The Sun's Heartbeat: And Other Stories from the Life of the Star That Powers Our Planet

The Sun's Heartbeat: And Other Stories from the Life of the Star That Powers Our Planet

Bob Berman

Language: English

Pages: 320

ISBN: 0316090999

Format: PDF / Kindle (mobi) / ePub


The beating heart of the sun is the very pulse of life on earth. And from the ancients who plotted its path at Stonehenge to the modern scientists who unraveled the nuclear fusion reaction that turns mass into energy, humankind has sought to solve its mysteries. In this lively biography of the sun, Bob Berman ranges from its stellar birth to its spectacular future death with a focus on the wondrous and enthralling, and on the heartbreaking sacrifice, laughable errors, egotistical battles, and brilliant inspirations of the people who have tried to understand its power.

What, exactly, are the ghostly streaks of light astronauts see-but can't photograph-when they're in space? And why is it impossible for two people to see the exact same rainbow? Why are scientists beginning to think that the sun is safer than sunscreen? And how does the fluctuation of sunspots-and its heartbeat-affect everything from satellite communications to wheat production across the globe?

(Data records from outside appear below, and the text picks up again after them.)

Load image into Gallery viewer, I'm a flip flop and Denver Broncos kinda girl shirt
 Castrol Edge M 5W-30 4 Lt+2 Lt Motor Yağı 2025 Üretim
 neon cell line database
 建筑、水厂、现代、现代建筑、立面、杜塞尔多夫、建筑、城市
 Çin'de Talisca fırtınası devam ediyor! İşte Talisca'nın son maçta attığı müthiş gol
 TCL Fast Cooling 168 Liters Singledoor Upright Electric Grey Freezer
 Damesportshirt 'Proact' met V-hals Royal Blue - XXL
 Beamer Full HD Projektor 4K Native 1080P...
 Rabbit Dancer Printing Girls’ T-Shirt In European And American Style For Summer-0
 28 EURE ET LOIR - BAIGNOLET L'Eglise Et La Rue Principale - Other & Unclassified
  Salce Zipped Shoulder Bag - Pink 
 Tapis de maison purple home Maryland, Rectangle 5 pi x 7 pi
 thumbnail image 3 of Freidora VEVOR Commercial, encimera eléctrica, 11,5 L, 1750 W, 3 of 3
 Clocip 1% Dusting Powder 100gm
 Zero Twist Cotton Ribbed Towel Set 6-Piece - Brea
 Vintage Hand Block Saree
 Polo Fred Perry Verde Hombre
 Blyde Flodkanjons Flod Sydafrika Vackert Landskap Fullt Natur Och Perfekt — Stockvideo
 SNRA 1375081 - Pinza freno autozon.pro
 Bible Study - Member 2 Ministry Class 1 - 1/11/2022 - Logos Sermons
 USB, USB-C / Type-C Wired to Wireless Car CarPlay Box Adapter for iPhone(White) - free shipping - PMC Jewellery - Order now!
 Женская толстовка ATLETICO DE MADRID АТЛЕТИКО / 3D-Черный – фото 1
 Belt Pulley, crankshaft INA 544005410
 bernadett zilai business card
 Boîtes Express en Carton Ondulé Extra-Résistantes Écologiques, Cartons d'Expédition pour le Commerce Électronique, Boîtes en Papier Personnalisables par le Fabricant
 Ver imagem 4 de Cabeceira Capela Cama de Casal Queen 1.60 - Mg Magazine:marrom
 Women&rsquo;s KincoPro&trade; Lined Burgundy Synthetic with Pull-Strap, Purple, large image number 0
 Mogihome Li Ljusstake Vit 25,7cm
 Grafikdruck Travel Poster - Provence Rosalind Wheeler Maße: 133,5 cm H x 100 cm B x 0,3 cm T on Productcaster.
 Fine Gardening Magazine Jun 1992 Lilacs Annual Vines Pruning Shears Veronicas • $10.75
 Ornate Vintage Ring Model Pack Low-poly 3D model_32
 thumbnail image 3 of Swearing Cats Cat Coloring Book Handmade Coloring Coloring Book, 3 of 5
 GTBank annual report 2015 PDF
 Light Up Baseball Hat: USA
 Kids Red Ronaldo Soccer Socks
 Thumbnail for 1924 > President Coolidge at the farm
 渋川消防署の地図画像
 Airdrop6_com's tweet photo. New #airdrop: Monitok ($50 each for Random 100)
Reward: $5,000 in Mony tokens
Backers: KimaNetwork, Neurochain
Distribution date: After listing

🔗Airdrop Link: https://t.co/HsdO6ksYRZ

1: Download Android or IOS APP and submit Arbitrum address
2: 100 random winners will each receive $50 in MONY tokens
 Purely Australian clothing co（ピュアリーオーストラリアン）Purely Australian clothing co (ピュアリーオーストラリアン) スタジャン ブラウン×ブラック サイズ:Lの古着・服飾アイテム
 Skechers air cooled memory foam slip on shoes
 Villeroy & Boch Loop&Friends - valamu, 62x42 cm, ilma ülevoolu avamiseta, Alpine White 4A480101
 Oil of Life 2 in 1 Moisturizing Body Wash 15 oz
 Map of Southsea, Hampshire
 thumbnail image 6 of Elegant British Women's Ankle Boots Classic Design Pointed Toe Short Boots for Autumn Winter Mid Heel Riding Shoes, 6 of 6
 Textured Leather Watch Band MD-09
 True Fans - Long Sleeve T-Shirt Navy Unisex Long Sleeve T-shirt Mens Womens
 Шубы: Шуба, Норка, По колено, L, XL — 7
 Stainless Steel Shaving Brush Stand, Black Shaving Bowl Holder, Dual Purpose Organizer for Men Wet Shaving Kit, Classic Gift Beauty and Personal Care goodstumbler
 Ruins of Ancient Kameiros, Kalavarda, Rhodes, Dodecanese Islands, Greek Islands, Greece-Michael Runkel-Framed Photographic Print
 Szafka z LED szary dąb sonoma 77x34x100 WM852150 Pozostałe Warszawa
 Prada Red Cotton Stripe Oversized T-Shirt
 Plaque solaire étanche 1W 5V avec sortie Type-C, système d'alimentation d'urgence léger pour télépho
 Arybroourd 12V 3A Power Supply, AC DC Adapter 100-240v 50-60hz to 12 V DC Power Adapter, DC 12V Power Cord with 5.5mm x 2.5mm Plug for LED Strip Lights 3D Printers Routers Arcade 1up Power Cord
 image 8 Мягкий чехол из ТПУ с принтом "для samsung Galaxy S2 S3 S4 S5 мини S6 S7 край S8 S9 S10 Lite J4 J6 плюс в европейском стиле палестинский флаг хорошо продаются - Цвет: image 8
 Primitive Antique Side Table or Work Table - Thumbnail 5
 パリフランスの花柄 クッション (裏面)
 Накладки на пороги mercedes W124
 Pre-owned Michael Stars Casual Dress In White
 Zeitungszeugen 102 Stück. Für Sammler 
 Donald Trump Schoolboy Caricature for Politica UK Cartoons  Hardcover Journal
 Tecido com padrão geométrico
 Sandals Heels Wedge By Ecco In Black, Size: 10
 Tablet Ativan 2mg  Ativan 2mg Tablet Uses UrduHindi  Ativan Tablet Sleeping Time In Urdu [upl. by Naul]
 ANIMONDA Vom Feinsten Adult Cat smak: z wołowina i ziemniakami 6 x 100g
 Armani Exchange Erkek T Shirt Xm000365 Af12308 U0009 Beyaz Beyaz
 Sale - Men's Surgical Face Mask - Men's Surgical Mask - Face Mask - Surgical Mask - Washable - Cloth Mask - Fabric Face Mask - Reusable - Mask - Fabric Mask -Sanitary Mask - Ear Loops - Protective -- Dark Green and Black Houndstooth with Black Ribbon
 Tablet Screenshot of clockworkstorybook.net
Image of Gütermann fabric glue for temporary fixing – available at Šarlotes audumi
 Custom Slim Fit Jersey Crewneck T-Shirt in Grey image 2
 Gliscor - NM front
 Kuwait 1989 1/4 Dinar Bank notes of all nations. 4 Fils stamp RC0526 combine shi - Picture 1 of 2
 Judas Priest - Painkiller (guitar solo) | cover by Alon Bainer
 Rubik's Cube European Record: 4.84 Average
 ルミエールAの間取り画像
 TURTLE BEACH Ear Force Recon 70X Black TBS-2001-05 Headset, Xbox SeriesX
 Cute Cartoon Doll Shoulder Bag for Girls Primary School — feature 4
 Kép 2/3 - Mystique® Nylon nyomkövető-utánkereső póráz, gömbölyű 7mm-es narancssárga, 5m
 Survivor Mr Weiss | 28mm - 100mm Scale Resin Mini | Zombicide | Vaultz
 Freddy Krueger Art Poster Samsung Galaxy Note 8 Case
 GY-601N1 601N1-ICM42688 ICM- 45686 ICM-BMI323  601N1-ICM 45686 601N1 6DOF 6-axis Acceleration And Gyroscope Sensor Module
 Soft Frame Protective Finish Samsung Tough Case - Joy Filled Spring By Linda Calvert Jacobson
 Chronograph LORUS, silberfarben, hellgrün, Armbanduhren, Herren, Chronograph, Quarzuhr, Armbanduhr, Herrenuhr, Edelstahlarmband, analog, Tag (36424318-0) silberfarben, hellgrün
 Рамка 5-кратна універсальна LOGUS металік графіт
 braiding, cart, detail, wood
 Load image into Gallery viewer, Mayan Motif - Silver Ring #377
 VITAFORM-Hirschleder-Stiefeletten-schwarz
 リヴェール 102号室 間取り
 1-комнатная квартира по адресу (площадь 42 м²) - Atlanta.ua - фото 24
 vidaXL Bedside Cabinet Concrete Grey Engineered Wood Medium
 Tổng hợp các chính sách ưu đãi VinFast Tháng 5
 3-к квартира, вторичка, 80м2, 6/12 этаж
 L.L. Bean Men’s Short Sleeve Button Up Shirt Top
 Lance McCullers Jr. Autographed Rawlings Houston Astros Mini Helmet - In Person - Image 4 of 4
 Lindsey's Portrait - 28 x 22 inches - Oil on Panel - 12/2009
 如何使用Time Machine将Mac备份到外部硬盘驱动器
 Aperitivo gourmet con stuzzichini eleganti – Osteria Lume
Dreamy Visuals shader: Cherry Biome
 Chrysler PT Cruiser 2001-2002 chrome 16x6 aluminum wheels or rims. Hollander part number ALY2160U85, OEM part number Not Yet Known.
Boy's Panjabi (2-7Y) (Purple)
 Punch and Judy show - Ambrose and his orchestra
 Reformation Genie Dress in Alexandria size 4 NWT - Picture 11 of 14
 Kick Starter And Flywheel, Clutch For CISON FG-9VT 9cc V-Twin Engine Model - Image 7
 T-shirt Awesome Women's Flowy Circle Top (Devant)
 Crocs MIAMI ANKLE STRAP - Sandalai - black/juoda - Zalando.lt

Peppered with mind-blowing facts and memorable anecdotes about spectral curiosities-the recently-discovered "second sun" that lurks beneath the solar surface, the eerie majesty of a total solar eclipse-THE SUN'S HEARTBEAT offers a robust and entertaining narrative of how the Sun has shaped humanity and our understanding of the universe around us.

Asteroids, Comets, and Meteorites: Cosmic Invaders of the Earth / (Living Earth)

Perspectives on Astronomy (Media Edition)

Universo: la historia más grande jamás contada

The Observing Guide to the Messier Marathon: A Handbook and Atlas

Breve historia de la astronomía

 

 

 

 

 

 

 

 

 

 

 

 

 

 

 

 

 

 

 

 

Appearance when approaching the Sun’s edge. But Galileo went too far in his criticisms. He wrongly ridiculed Scheiner’s later claims that the Sun was not uniformly bright. He also erred in dismissing the German’s discovery that the spots moved faster near the solar equator—which made Scheiner the first to realize that, unlike the moon and Earth, the gaseous Sun has a differential rotation: its equator spins completely in twenty-five days, but its polar regions require more than an extra week.

Alphabet starting from the red end of the spectrum. For example, a closely spaced pair of dark lines dominated the yellow region of the Sun’s rainbow spectrum, and he called these D1 and D2. Today, if you speak with a physicist or high school science teacher, she’ll know exactly what you mean if you allude to the Sun’s “double-D Fraunhofer lines.” For the next half century, science books hungry for anything to say about the Sun mentioned that its light is crossed by dozens of dark lines of.

Only one to three years. Its partner effect, La Niña, has a smaller effect, but in reverse: it creates a bit of global cooling. Finally, there is carbon dioxide. Its influence does not come and go. Rather, its levels before around 1975 were small enough that its effects were usually dwarfed and masked by the other factors. That’s why temperatures during the first seventy-nine years of the twentieth century marched up and down with the Sun’s changing irradiance while also displaying a quiet.

Bewilderingly became church doctrine. Later on, questioning Aristotle meant getting burned at the stake. A few of his other writings were correct. For example, he believed Earth is spherical, not flat. Hipparchus of Nicaea (ca. 190–120 BC) discovered the twenty-six-century wobble of Earth’s axis called precession, and he created the first accurate star catalog, dividing stars into six magnitudes of brightness, a system that is still used today. He also determined the length of a year to within.

Deficiency Is a Cause of Autism?,” Scientific American, April 24, 2009, and the 2008 study by Swedish researchers in Developmental Medicine and Child Neurology. John Cannell’s primary vitamin D focus is on its putative link with autism. He is convinced that a serious D deficiency is a major trigger for that heartbreaking affliction, and he has helped initiate new studies to see whether mothers of autistic children, who have a 10 percent chance of having another autistic child, can drastically.